Sarah Dyer Hobart (Dyer; pseudonym, Floyd Bentley; September 20, 1845 – November 1, 1921) was an American author of poetry, prose, and songs. Some of her more notable poems included, "The Record of Company B", "The Legend of St. Freda", and "Hector's Recompense". Her sonnets are perhaps her best work.

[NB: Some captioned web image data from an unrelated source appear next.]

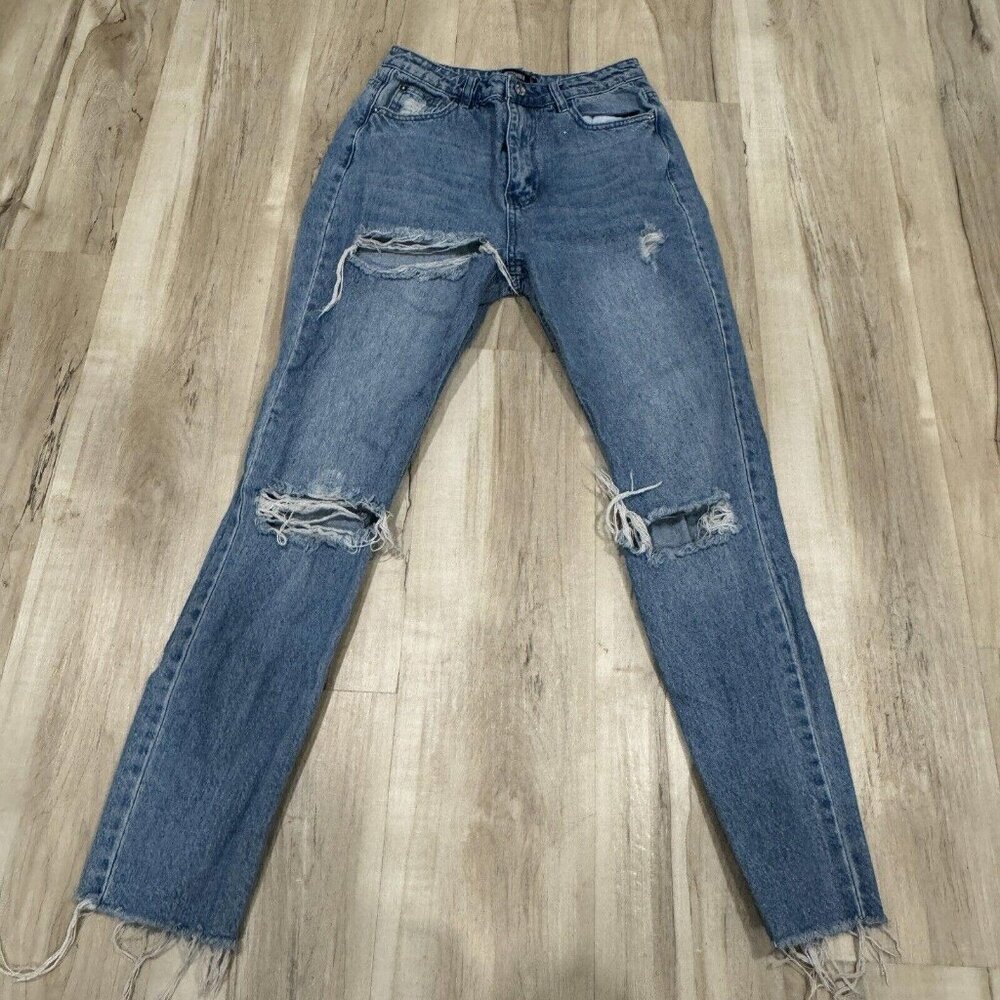 Missguided Distressed Skinny Jeans - Blue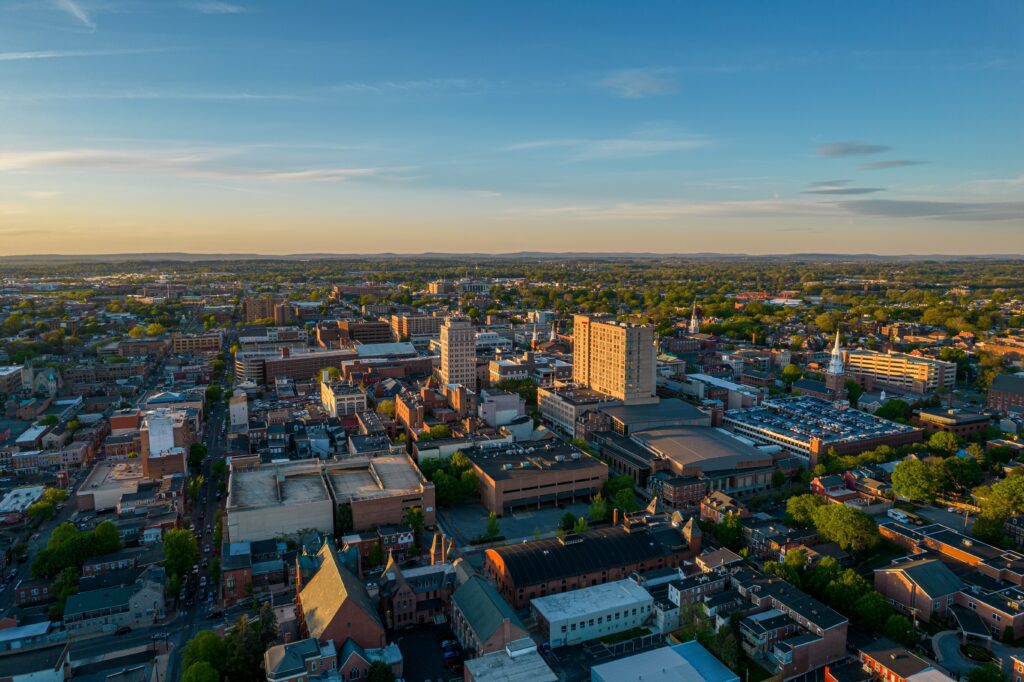 An image taken of Lancaster, PA's vast skyline at sunset.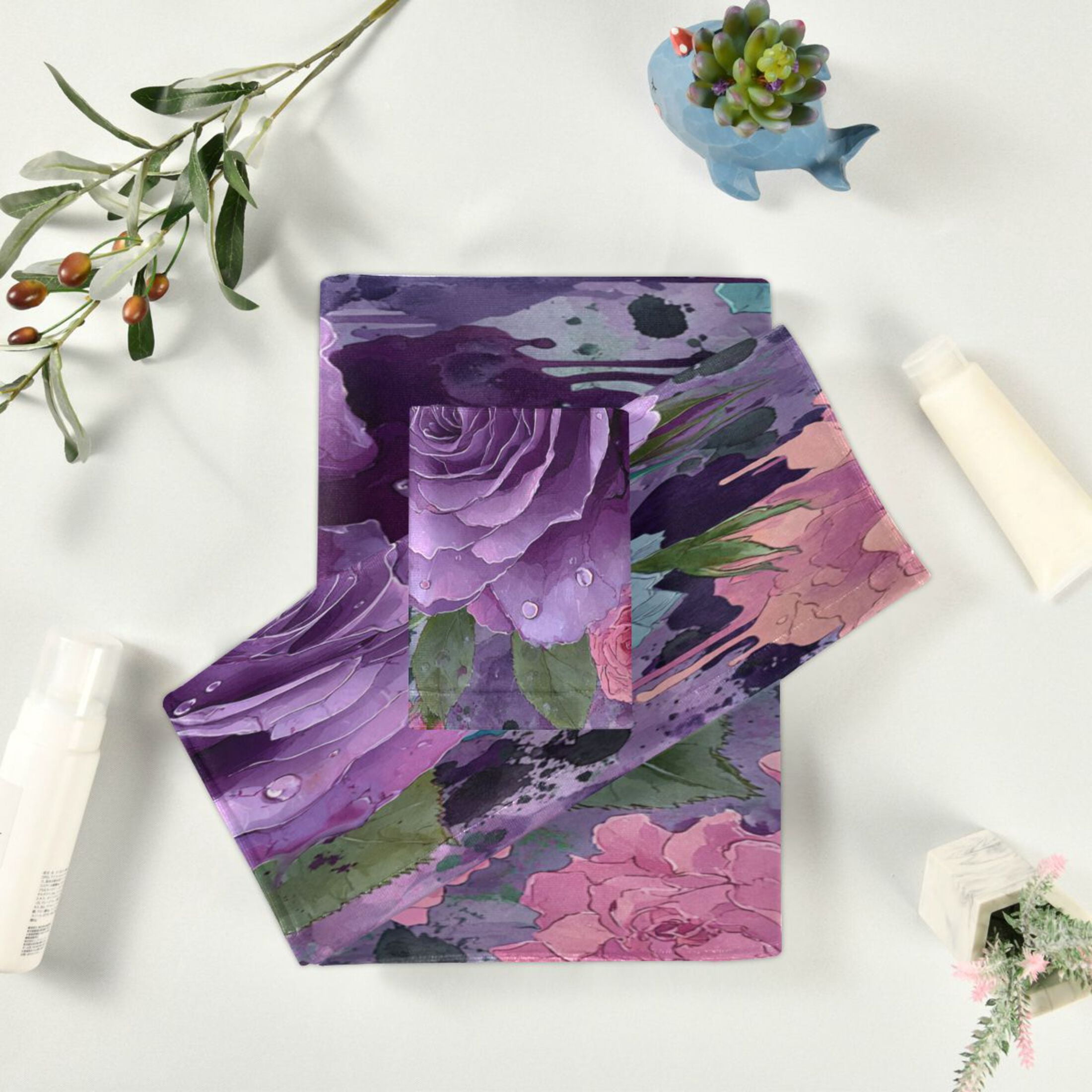 3 Sizes of Towel Sets Including Bath Towel Hand Towel and Washcloth for Daily Use Purple Rose Gradient Painting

==Early life and education==
Sarah Dyer was born in Otsego, Wisconsin Territory, September 20, 1845, or 1846. Her father, Wayne Bidwell Dyer (1813–1899), was the first man to make a home in the town, having arrived in Otsego in May 1844. Her parents were among the earliest settlers in that part of Wisconsin, and her early life was that of a pioneer.

She became well-educated.

==Career==
She started her literary career at the age of eighteen, and was a contributor to the periodical press thereafter. Her poems soon made her name well known, and her sketches added to her popularity. Hobart's sonnets are perhaps her best work. For nearly fifty years, she wrote for the press using various pseudonyms. Her poems appeared in the leading magazines, including the Century, Lippincott's Magazine, Outing, and others. She was a regular contributor for a number of years to Harper's Bazar. As a regular prose contributor to the Toledo Blade, she wrote over the pen name of "Floyd Bentley." By 1880, she had turned her attention almost exclusively to writing melodies.

==Personal life==
In 1866, she married Colonel Martin C. Hobart, who had just returned from the American Civil War. They had three children —Frances M., Mary V., and Burr E.— and lived in Fountain Prairie, Wisconsin.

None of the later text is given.